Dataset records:
━━━━━━━━━━━━━━━━━━━━

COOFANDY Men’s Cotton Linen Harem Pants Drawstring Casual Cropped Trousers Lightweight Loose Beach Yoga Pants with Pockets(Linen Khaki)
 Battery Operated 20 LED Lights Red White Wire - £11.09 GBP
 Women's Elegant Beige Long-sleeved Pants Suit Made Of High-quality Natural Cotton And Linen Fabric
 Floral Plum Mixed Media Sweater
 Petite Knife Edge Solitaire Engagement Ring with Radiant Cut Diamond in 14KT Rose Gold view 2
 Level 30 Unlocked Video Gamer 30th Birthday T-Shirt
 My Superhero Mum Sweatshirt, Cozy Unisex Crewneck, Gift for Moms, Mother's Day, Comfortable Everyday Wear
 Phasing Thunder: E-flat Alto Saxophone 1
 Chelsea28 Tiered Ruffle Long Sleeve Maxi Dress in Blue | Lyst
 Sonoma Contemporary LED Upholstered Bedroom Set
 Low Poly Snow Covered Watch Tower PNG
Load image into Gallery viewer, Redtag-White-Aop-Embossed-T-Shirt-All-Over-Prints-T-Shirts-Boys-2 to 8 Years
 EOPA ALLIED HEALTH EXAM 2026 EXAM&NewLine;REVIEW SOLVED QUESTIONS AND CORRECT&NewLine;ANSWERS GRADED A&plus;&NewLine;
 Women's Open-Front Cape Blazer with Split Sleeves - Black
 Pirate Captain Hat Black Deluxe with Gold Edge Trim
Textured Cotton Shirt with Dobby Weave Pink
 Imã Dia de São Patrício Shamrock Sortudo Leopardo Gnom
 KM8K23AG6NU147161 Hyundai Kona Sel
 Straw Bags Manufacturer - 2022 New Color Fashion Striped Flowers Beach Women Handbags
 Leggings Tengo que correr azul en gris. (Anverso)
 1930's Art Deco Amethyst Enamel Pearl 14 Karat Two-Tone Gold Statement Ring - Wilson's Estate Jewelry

━━━━━━━━━━━━━━━━━━━━

**Exercise:** Going back to the entries above, set down exactly the lines that begin at the one with "Low Poly Snow Covered Watch Tower PNG" and end at the one with "Women's Open-Front Cape", both included, and nothing else.

**Reply:**
 Low Poly Snow Covered Watch Tower PNG
Load image into Gallery viewer, Redtag-White-Aop-Embossed-T-Shirt-All-Over-Prints-T-Shirts-Boys-2 to 8 Years
 EOPA ALLIED HEALTH EXAM 2026 EXAM&NewLine;REVIEW SOLVED QUESTIONS AND CORRECT&NewLine;ANSWERS GRADED A&plus;&NewLine;
 Women's Open-Front Cape Blazer with Split Sleeves - Black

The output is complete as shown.